Words to the Wise: A E Stallings
I came across the following words on poetry from the most recent Poetry Daily prose feature:
'Writing for any audience is the wrong way to win one . . . Rather, a poet should be writing to an audience – one listener or many – the poet's own soul, or an ideal reader, or a nation.'I like drawing the distinction between for and to here. Although writing for an audience seems generous in some respects, it is perhaps more respectful to write to an audience. For me the distinction is in acknowledging that one doesn't necessarily know what a reader needs even when one has something to say to that reader -- real or imagined. There were quite a few quotes I'd like to think more about among Dennis O'Driscoll's "pickings and choosings", but doesn't it seem a little like Thomas Sayers Ellis' Quotes Community project (minus the black people)? Or is it just me?— A E Stallings, Poetry, April 2005
3 Comments:
Your comment reminds me of the recent Poets & Writers piece in which three New Orleans writers wrote about their post-Katrina writing. The focus had the unfortunate effect of emphasizing their lives as selectively isolated writers over the life of the city, the lives lost, and issues of race and poverty raised by the federal and local post-Katrina response. Where were the African American voices, the Native American and Vietnamese immigrant voices, and poor whites? You'd think that none of them were published writing folks. Paralleling your query, I was left wondering if these writers, with one exception (the one who didn't evacuate), felt that their Katrina-subsequent writing was "to" or "for" a particular audience or reader, and who that might be. Or was it mainly "for" their reawakened writer-selves?

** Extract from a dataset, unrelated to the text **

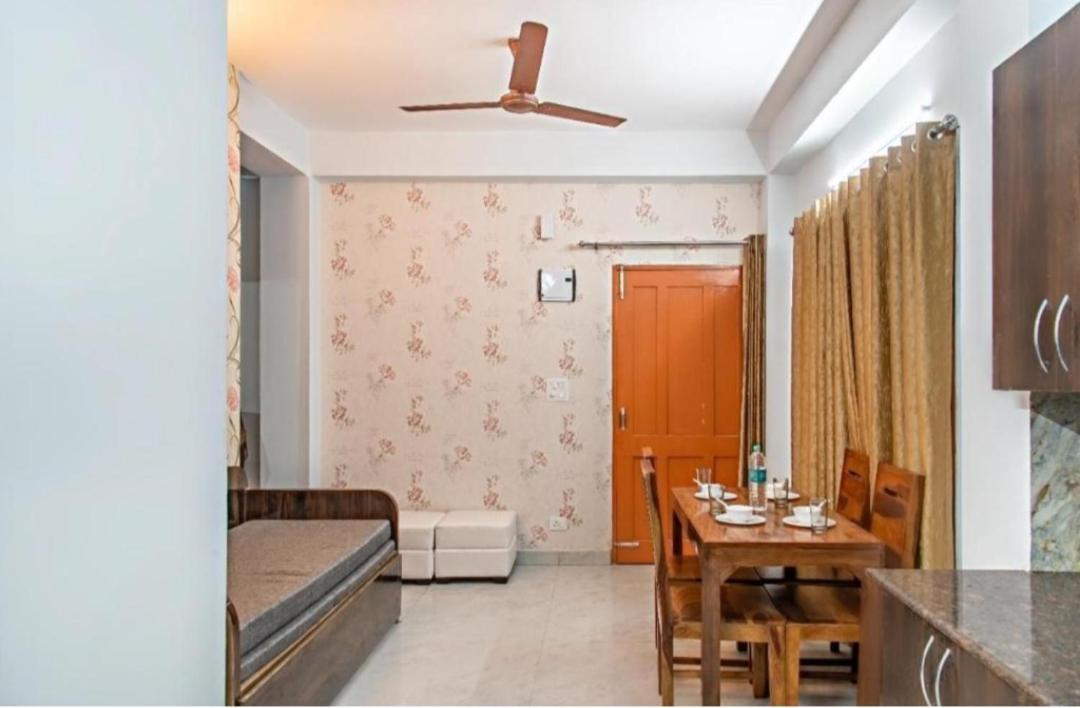 The Kasauli Western Uphills I Serviced Apartments I Pvt Balcony I Peacefull Area I By Exotic Stays ภายนอก รูปภาพ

To me the distinction between to and for is this: writing for an audience implies that you are attempting to satisfy that audience's point of view, reinforcing how they think about things; writing to an audience implies having a point of view you wish to share with a particular audience, presenting something for them to think about. I'm not sure I know which of these I do - probably both. I imagine we all do both for time to time. I wonder what significance there is in finding what those times are.

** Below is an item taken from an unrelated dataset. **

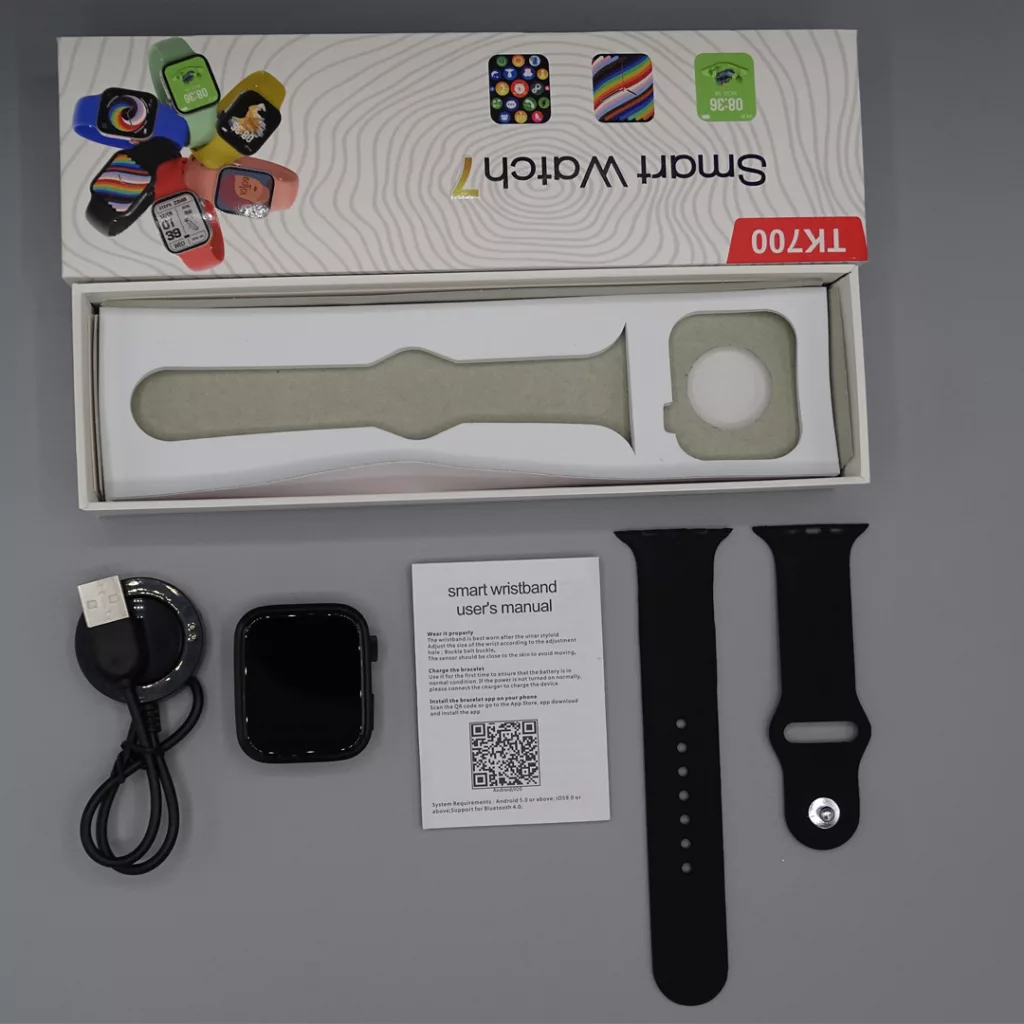 ساعت هوشمند مدل tk700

You know, if I am honest I am sometimes writing for an audience, but I think in those moments I am clear that that audience is (or will be) present. After reading your points, Rey, I think what Stallings is thinking not just about reinforcing how a real audience might think about things, but also how about writing the thing that will draw that audience. Writing X so that Y readers will come to your work. I do think that after a traumatic event, like Katrina and its aftermath, how a writer might think of writing "for" an audience might be very different than when there isn't necessarily a shared experience among the readers. I have to think about this more, though, because when does an experience become shared? When you live in the same city? When you went through the same things? When you come from the same class, ethnicity, language group?